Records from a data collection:
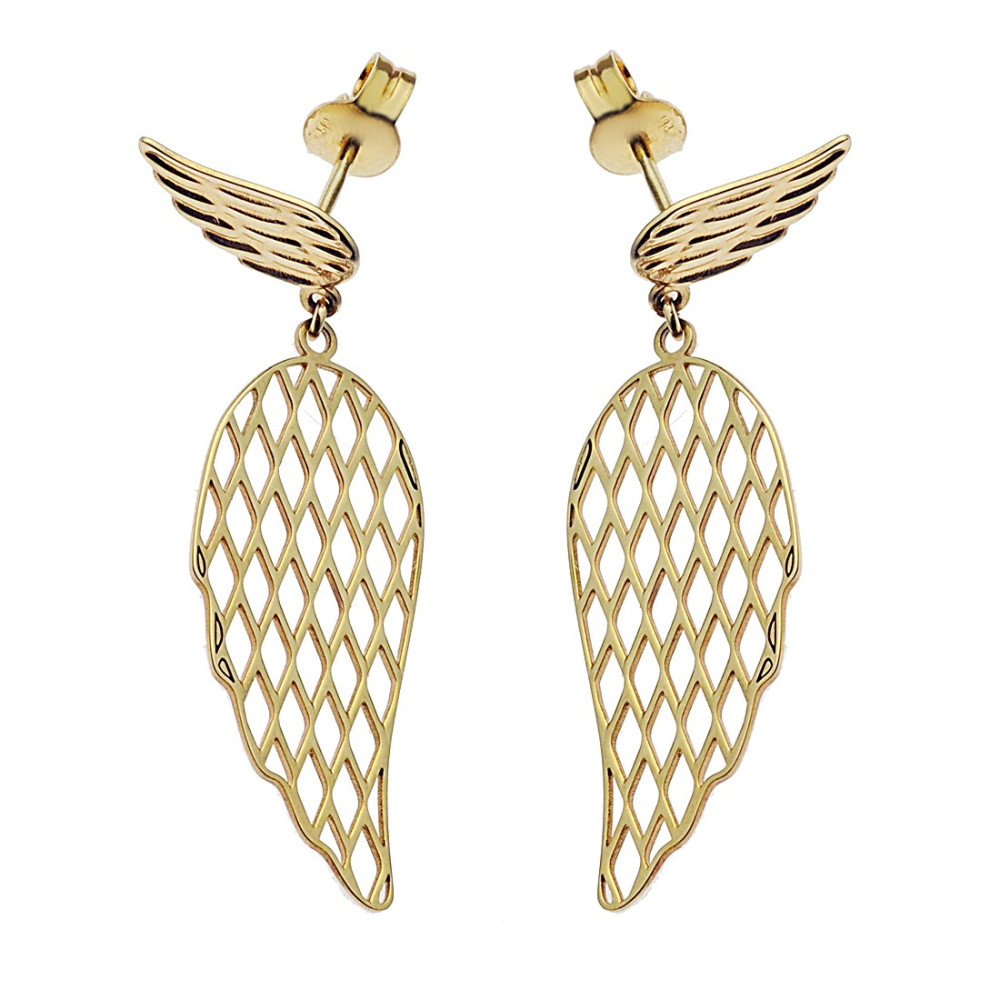 Gold Ohrringe Flügel Ohrhänger Ohrstecker Ohrschmuck Gelbgold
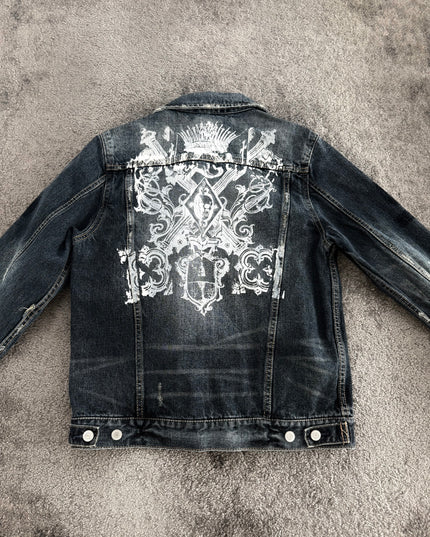 THREE STONES "MIDNIGHT DAMAGE" DENIM JACKET (S)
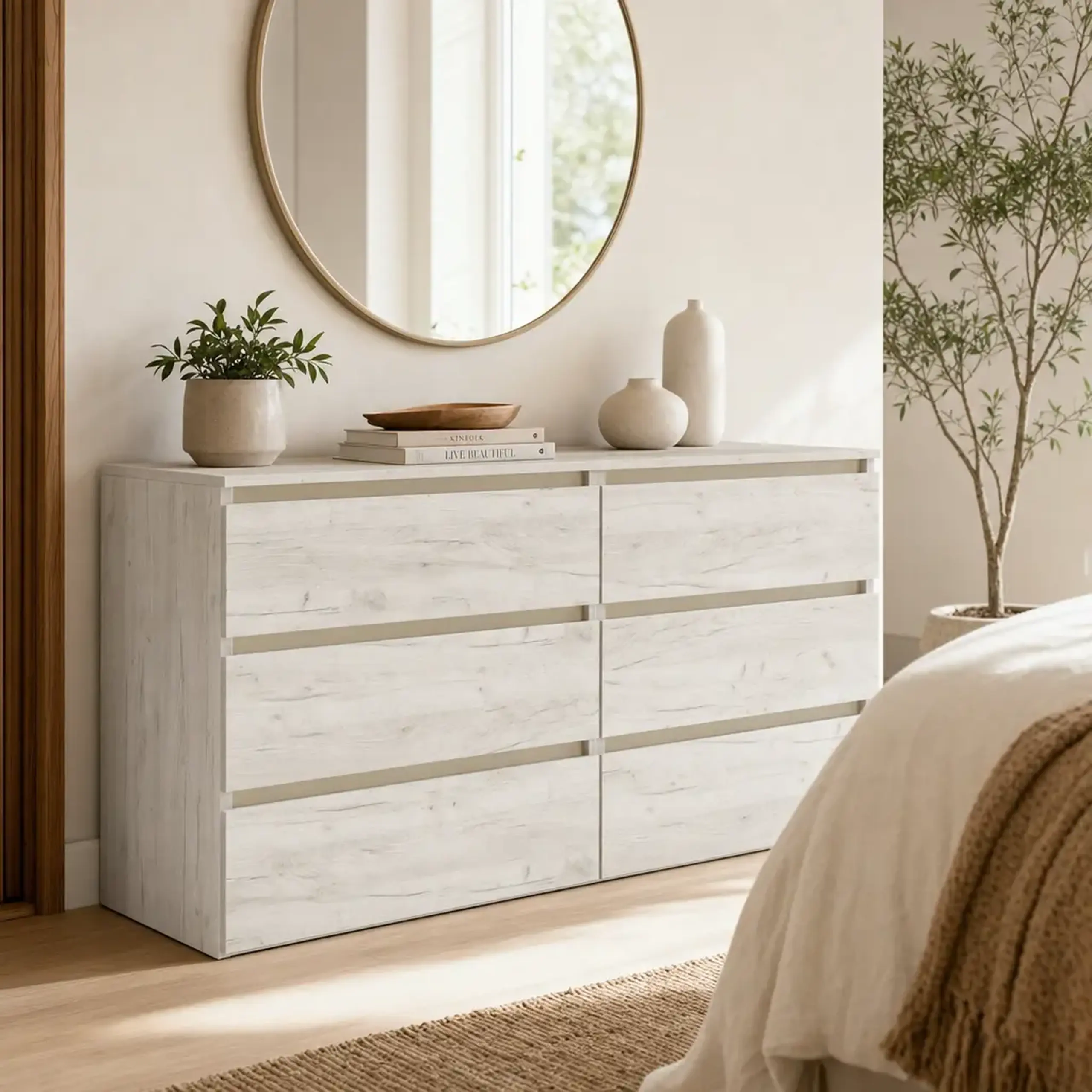 Comoda 4home Ideea K, 76x120x42 cm, 6 sertare, Stejar Kraft Gri/Satin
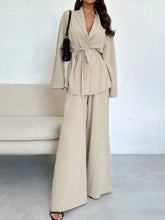 Front Tied Shirt and Wide-Leg Pants Set Apricot OutfitFlow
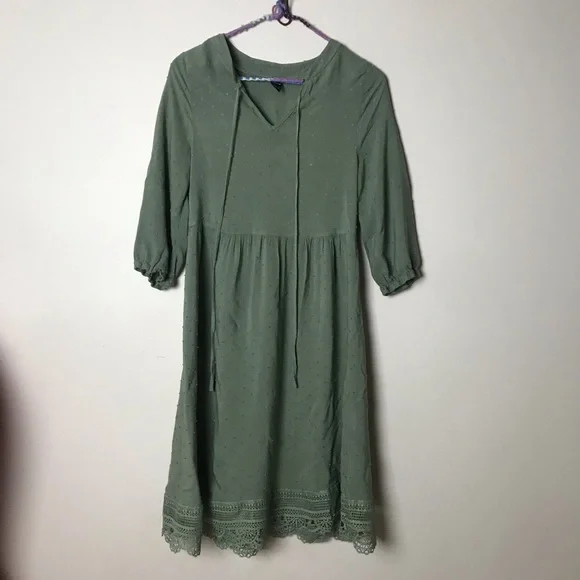 Shein Dresses | Shein Green Dress With Lace Fringe On Hem. Size Small | Color: Green | Size: S | Hkaiser1976's Closet Shein Dresses | Shein Green Dress With Lace Fringe On Hem. Size Small | Color: Green | Size: S | Hkaiser1976's Closet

WHAT YOU SHOULD DO: In the entries above, find the line containing "Comoda 4home Ideea", then please retype it and every line after it through the last, exactly as written, omitting pictures.

RESPONSE TO THE EXERCISE:
 Comoda 4home Ideea K, 76x120x42 cm, 6 sertare, Stejar Kraft Gri/Satin
 Front Tied Shirt and Wide-Leg Pants Set Apricot OutfitFlow
 Shein Dresses | Shein Green Dress With Lace Fringe On Hem. Size Small | Color: Green | Size: S | Hkaiser1976's Closet Shein Dresses | Shein Green Dress With Lace Fringe On Hem. Size Small | Color: Green | Size: S | Hkaiser1976's Closet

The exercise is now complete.